The government’s whistleblower protection bill has taken so long, Dreyfus has gone from the humble backbencher who chaired the committee looking at whistleblower issues in 2008 to attorney-general, all in the time it has taken to respond to his report. This morning, Dreyfus dismissed any link between media reform and the sudden appearance of the bill. And, to be fair, the government did say after Wilkie revealed his bill last year that it would introduce a bill “early in the new year”. March is kinda early.
The other key shift to secure passage of the media package is, reportedly, replacing a single Public Interest Media Advocate with a panel — the PIMAs? — itself appointed by a larger panel of eminent persons.
With any luck, that larger panel will itself be appointed by a still larger group of slightly-less eminent people — and so on, ad infinitum. It’s panels all the way down, young man.

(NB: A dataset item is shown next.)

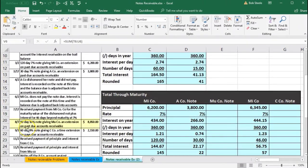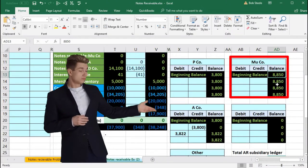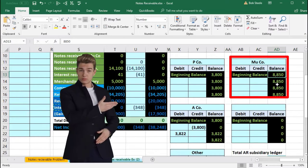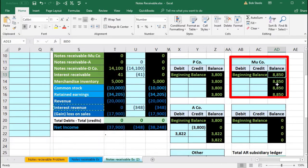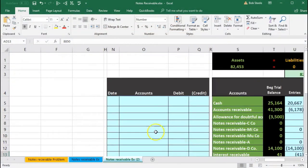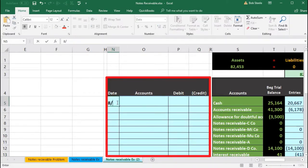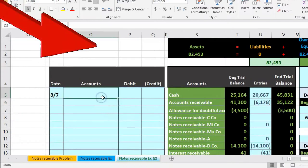We're on transaction 87: a 90-day, 10% note giving MU Company an extension on past-due accounts receivable. MU Company owes us $8,850 and they're not paying us. We're going to move it from accounts receivable to notes receivable — from a non-interest-bearing receivable to an interest-bearing receivable. We're essentially saying we'll give you an extension, but you have to pay us interest. This happened on 8/7.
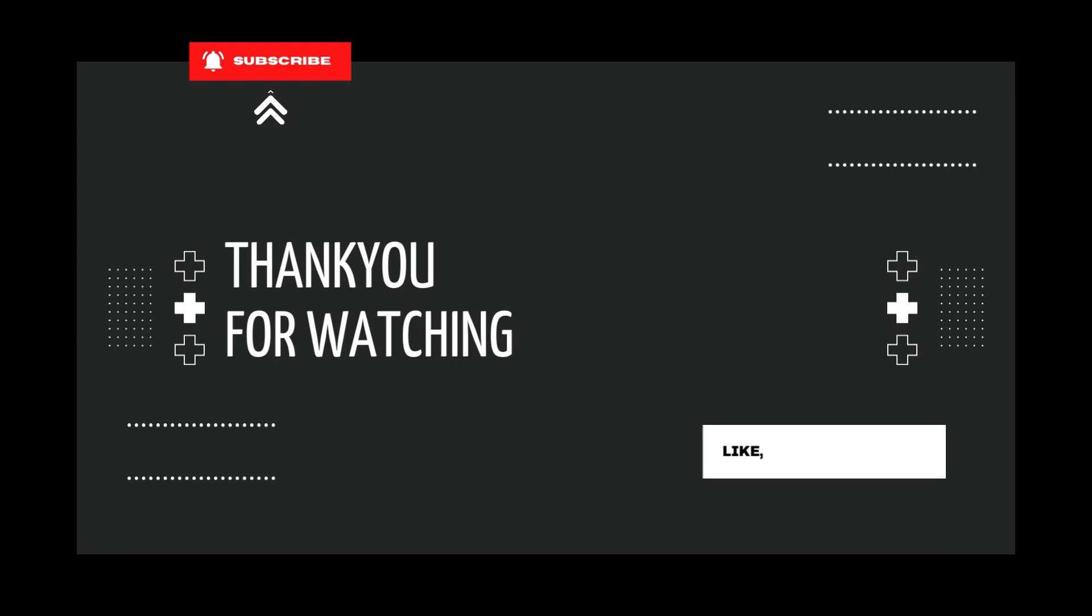Dear artist, thank you for joining me today. If you found value in this content, please consider liking and subscribing. Until the next time, and keep creating.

The problem is, replacing a single decision-maker with a group of decision-makers does nothing to address the core problem of a public interest test, that it is uncertain and subjective. This is why it offers no certainty to investors or media proprietors about whether transactions will be approved, and no certainty to Australians who want what little media diversity we have left protected. One person’s call on what the public interest and media diversity is, or three people’s call, still remains a subjective take.

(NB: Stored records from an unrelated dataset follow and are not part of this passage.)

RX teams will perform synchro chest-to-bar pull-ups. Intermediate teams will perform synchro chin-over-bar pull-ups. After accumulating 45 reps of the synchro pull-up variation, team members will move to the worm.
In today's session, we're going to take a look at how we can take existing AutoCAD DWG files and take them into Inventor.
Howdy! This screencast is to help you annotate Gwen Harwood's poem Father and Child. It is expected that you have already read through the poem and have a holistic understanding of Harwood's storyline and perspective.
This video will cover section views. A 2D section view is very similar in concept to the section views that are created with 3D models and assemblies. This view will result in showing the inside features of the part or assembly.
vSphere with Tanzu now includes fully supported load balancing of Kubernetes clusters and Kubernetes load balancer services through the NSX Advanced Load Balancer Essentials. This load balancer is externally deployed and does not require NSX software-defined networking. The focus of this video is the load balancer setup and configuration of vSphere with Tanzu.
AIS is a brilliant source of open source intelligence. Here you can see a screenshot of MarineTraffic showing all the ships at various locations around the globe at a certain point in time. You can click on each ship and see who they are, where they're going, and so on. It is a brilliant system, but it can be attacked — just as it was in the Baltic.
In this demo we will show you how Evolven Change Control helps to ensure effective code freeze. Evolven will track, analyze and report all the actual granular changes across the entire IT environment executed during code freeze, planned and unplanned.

It also outsources the problem. There’s a deeper issue here. No one, not even the Convergence Review authors who recommended a public interest test, trusts politicians to properly administer it. That’s the system they have in England and it saw a Murdoch mate, Tory minister Jeremy Hunt, come within days of ticking off on News Corp’s bid for BSkyB before the worst of the phone-hacking scandal engulfed the company. But at least politicians have to regularly face voters. “Eminent people” sound fine, but who voted for them to make such significant decisions?

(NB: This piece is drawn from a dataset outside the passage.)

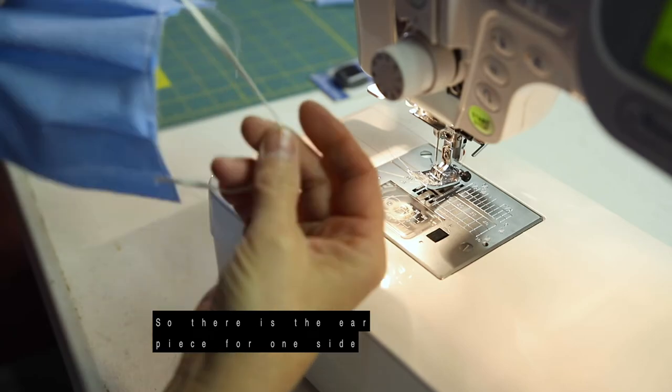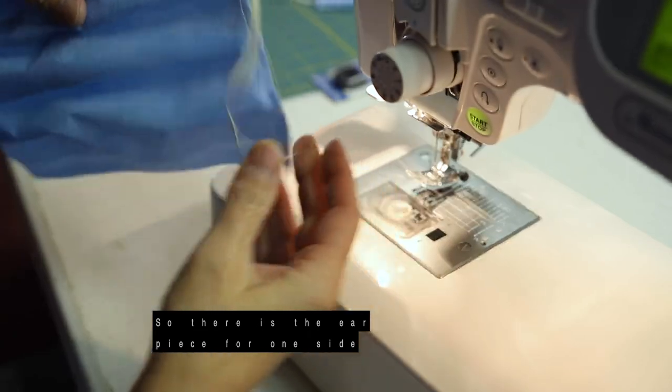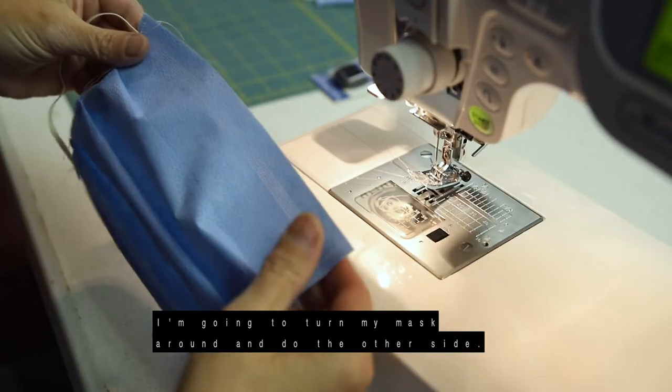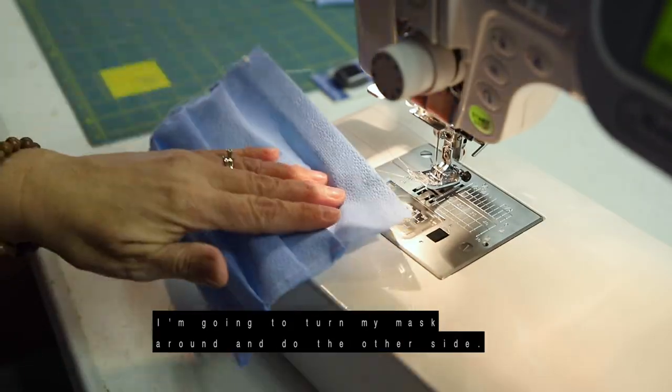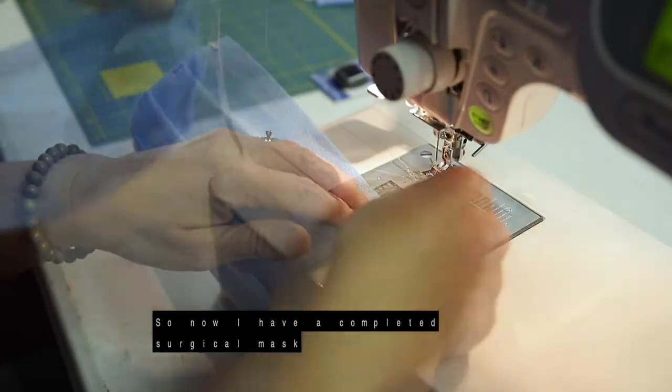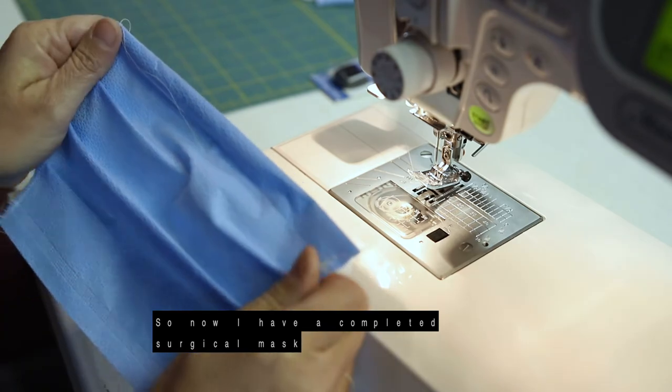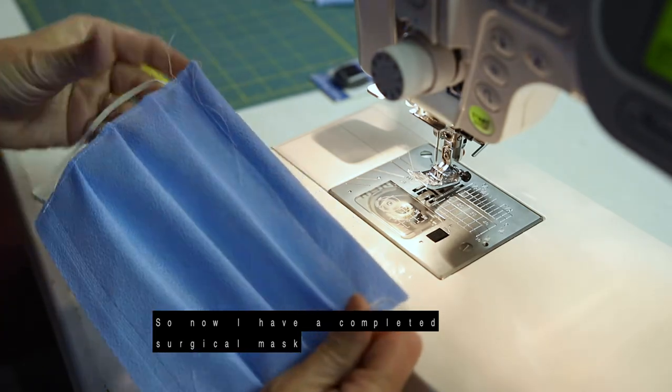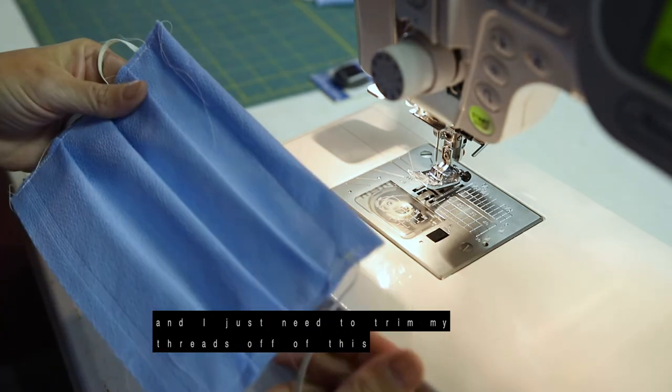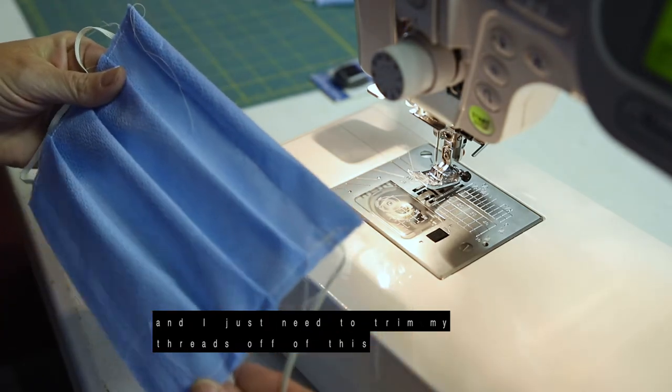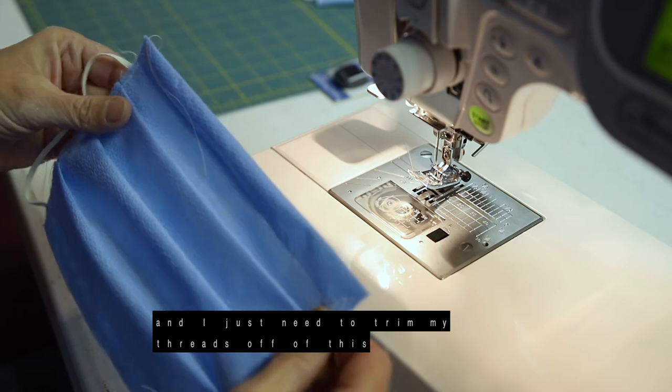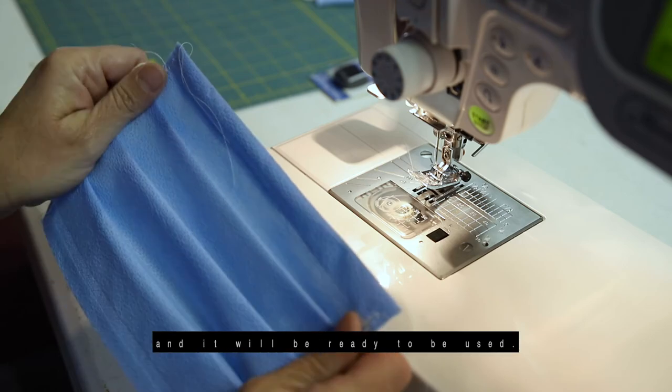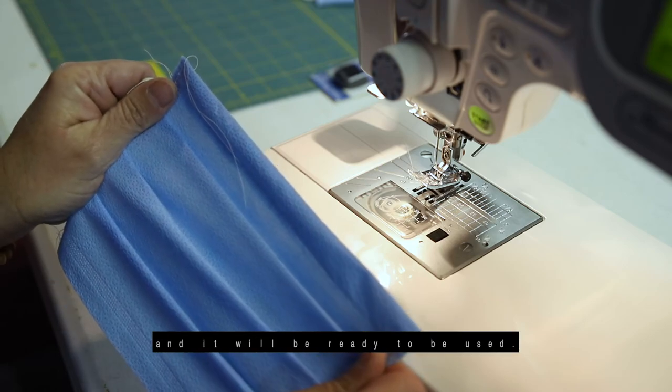So there is the earpiece for one side. I'm going to turn my mask around and do the other side. So now I have a completed surgical mask and I just need to trim my threads off of this and it'll be ready to be used.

And perhaps we should outsource more significant decisions so that politicians won’t let political considerations interfere with them. We’ve already done it with monetary policy. What about fiscal policy? Foreign investment? Going to war? That may or may not be a good idea — the problem is, there’s no thought or consistency given to how we correlate democratic accountability and the making of controversial Big Decisions. People generally prefer “eminent people” if they don’t like the sorts of decisions politicians make, and vice versa.
Supporters of a public interest test are convinced it will protect what’s left of our media diversity. But they will be terribly disappointed once the first pro-merger decision is made. After that, what then?
While the media complain about the legislation attacking freedom of speech we only need to look at what they have done with on-line comments/opinions pages in restricting the comments from the public. Even almost effectively closing Punch to comment and comments almost limited to fluff pieces.
Well we have a foreign investment board applying a public interest test to overseas investments. Its decisions are controversial enough for Chinese authorities and companies to complain. A competition test applies to company mergers but, given the lack of competition in Australian main stream media (dominated by 3 owners) it should never approve a merger. Perhaps “diversity of viewpoints” deserves its own decision making body but we can fear stacking of “eminent persons”, as has occurred with the ABC board. That is the real danger of a specialised body to deal with media mergers.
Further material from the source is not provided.